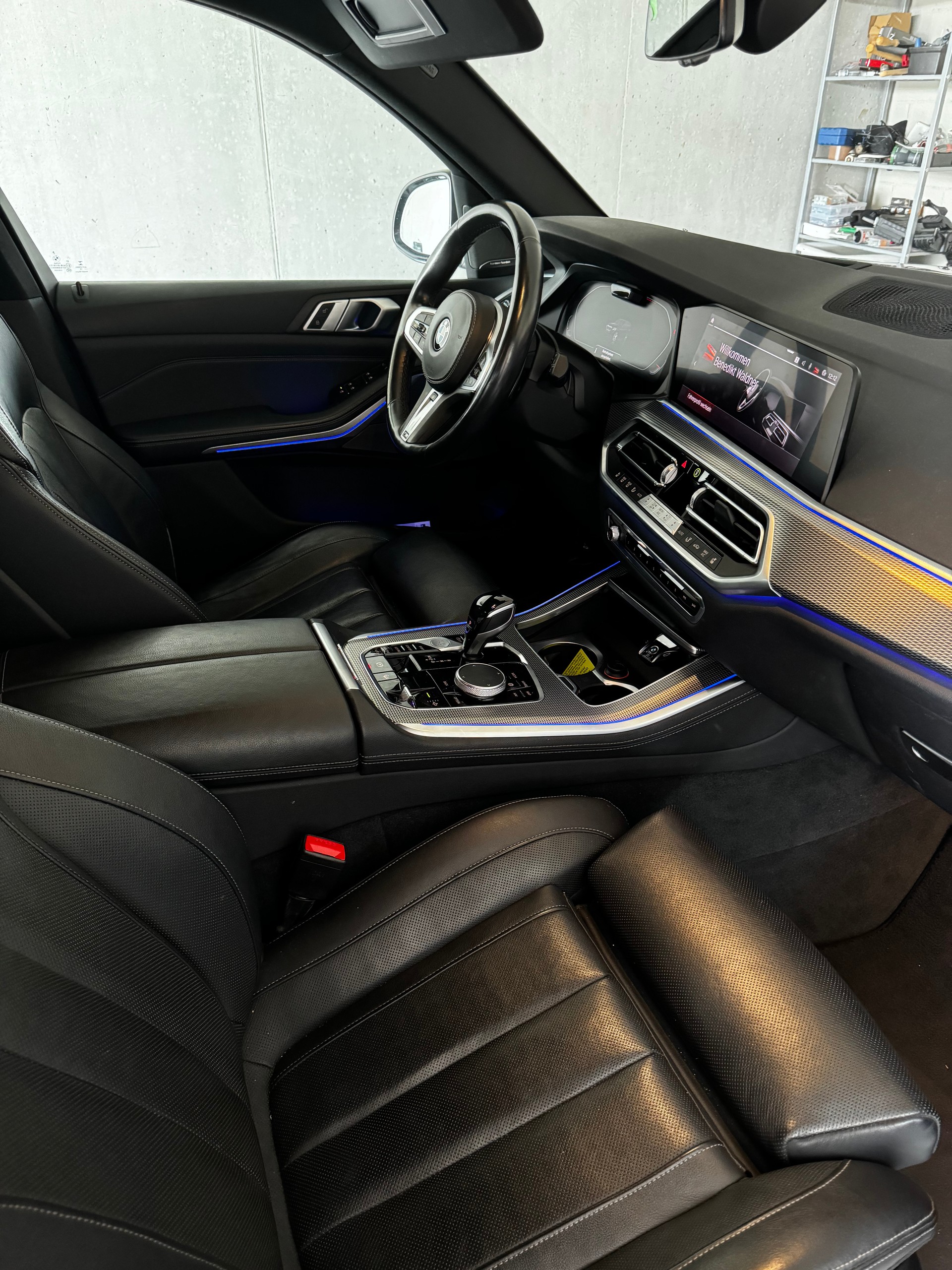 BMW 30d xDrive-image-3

* * *

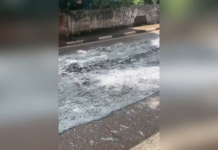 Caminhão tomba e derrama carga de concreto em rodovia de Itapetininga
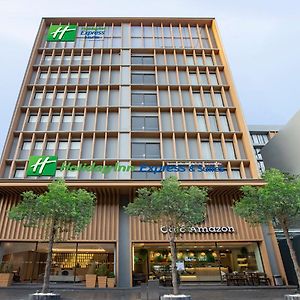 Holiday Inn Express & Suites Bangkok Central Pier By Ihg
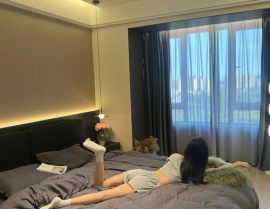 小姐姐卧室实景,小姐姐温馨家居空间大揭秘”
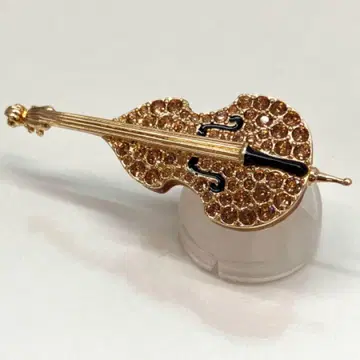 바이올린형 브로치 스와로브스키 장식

...

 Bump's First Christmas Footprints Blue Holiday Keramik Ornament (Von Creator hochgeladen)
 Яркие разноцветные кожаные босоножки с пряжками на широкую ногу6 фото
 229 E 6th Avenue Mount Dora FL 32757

▶ _HOW TO COMPLETE THIS TASK_: From the data above, retype only the lines starting with the line with "Caminhão tomba e" and going on through the line with "바이올린형 브로치 스와로브스키 장식", exactly, leaving out the pictures.

▶ _OUTPUT OF THE EXERCISE_:
 Caminhão tomba e derrama carga de concreto em rodovia de Itapetininga
 Holiday Inn Express & Suites Bangkok Central Pier By Ihg
 小姐姐卧室实景,小姐姐温馨家居空间大揭秘”
 바이올린형 브로치 스와로브스키 장식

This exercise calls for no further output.